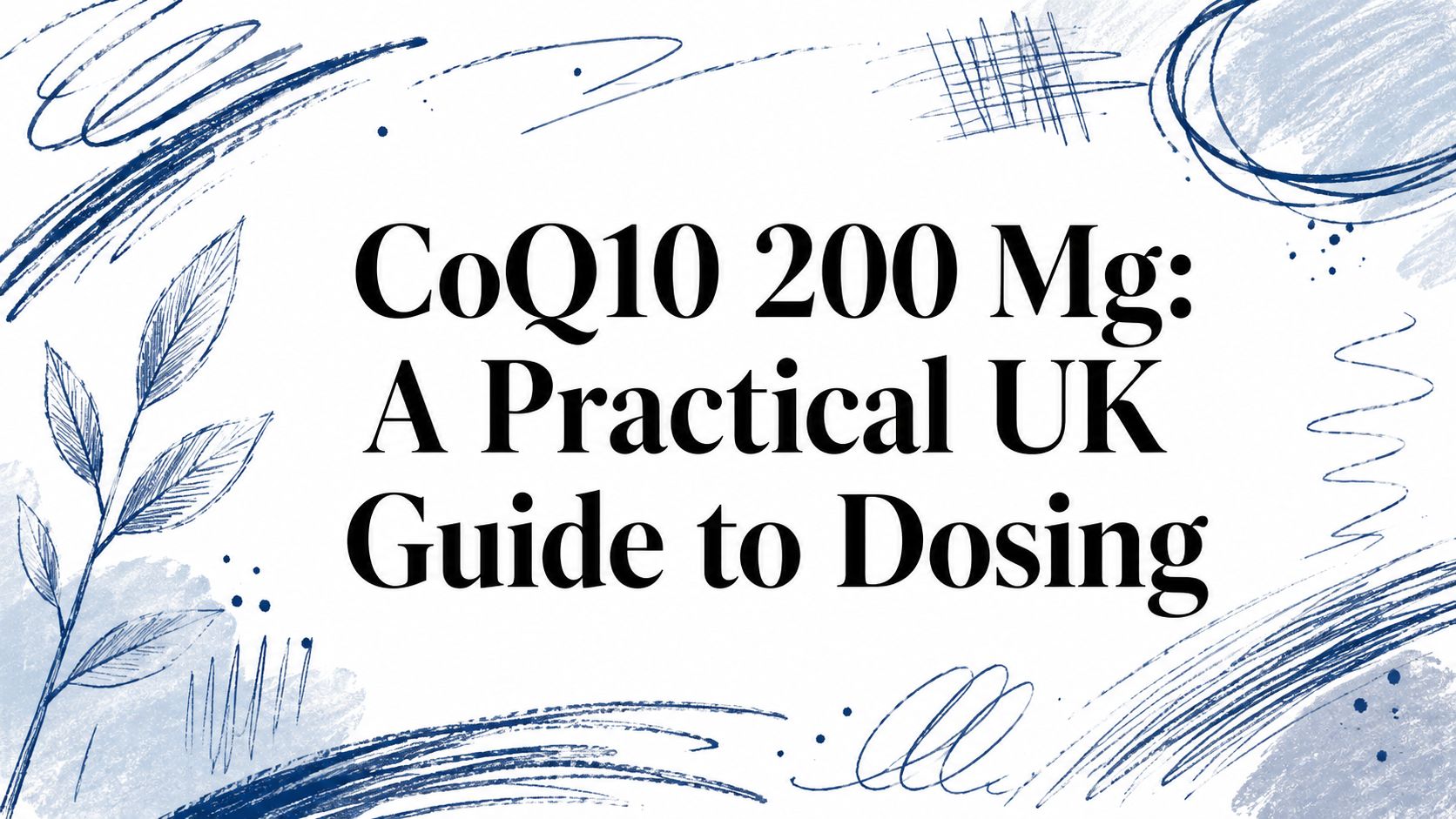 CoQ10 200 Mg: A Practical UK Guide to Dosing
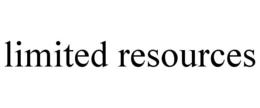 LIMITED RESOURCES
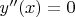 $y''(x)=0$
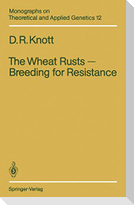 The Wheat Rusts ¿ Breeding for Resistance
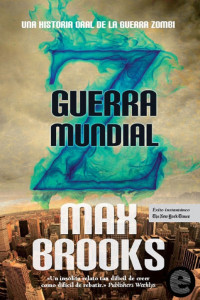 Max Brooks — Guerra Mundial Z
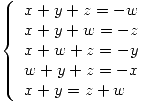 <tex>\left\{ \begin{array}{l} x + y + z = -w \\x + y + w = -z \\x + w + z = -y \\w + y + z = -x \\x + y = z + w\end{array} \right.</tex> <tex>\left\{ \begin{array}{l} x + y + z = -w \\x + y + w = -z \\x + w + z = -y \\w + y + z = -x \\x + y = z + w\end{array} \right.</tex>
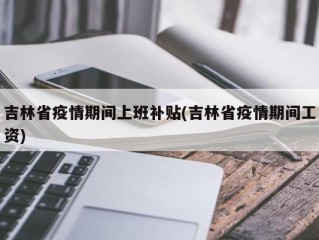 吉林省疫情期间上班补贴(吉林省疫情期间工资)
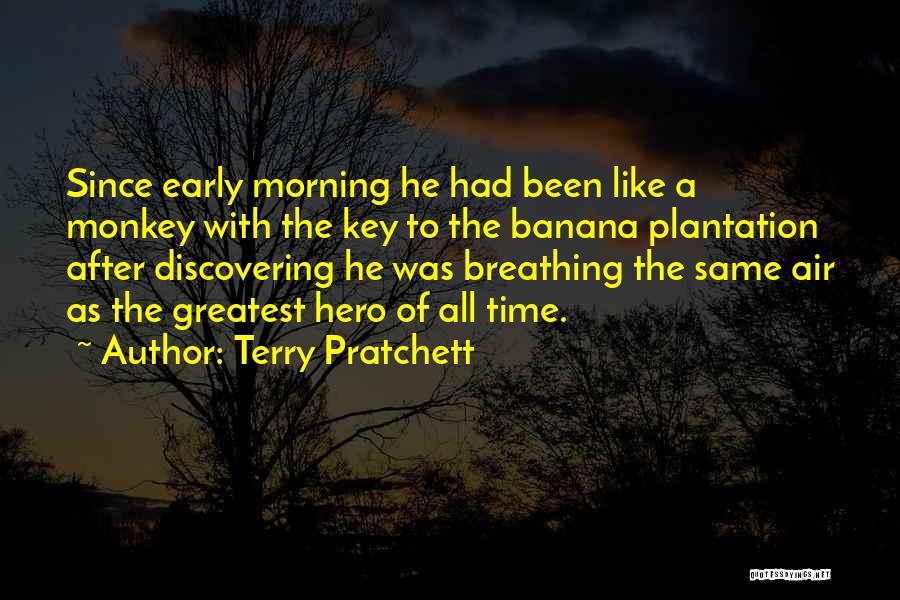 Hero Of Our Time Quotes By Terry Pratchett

# WORK REQUEST
Copy the preceding data in full and word for word, dropping its pictures.

# EXERCISE OUTPUT
 CoQ10 200 Mg: A Practical UK Guide to Dosing
 LIMITED RESOURCES
 $y''(x)=0$
 The Wheat Rusts ¿ Breeding for Resistance
 Max Brooks — Guerra Mundial Z
 <tex>\left\{ \begin{array}{l} x + y + z = -w \\x + y + w = -z \\x + w + z = -y \\w + y + z = -x \\x + y = z + w\end{array} \right.</tex> <tex>\left\{ \begin{array}{l} x + y + z = -w \\x + y + w = -z \\x + w + z = -y \\w + y + z = -x \\x + y = z + w\end{array} \right.</tex>
 吉林省疫情期间上班补贴(吉林省疫情期间工资)
 Hero Of Our Time Quotes By Terry Pratchett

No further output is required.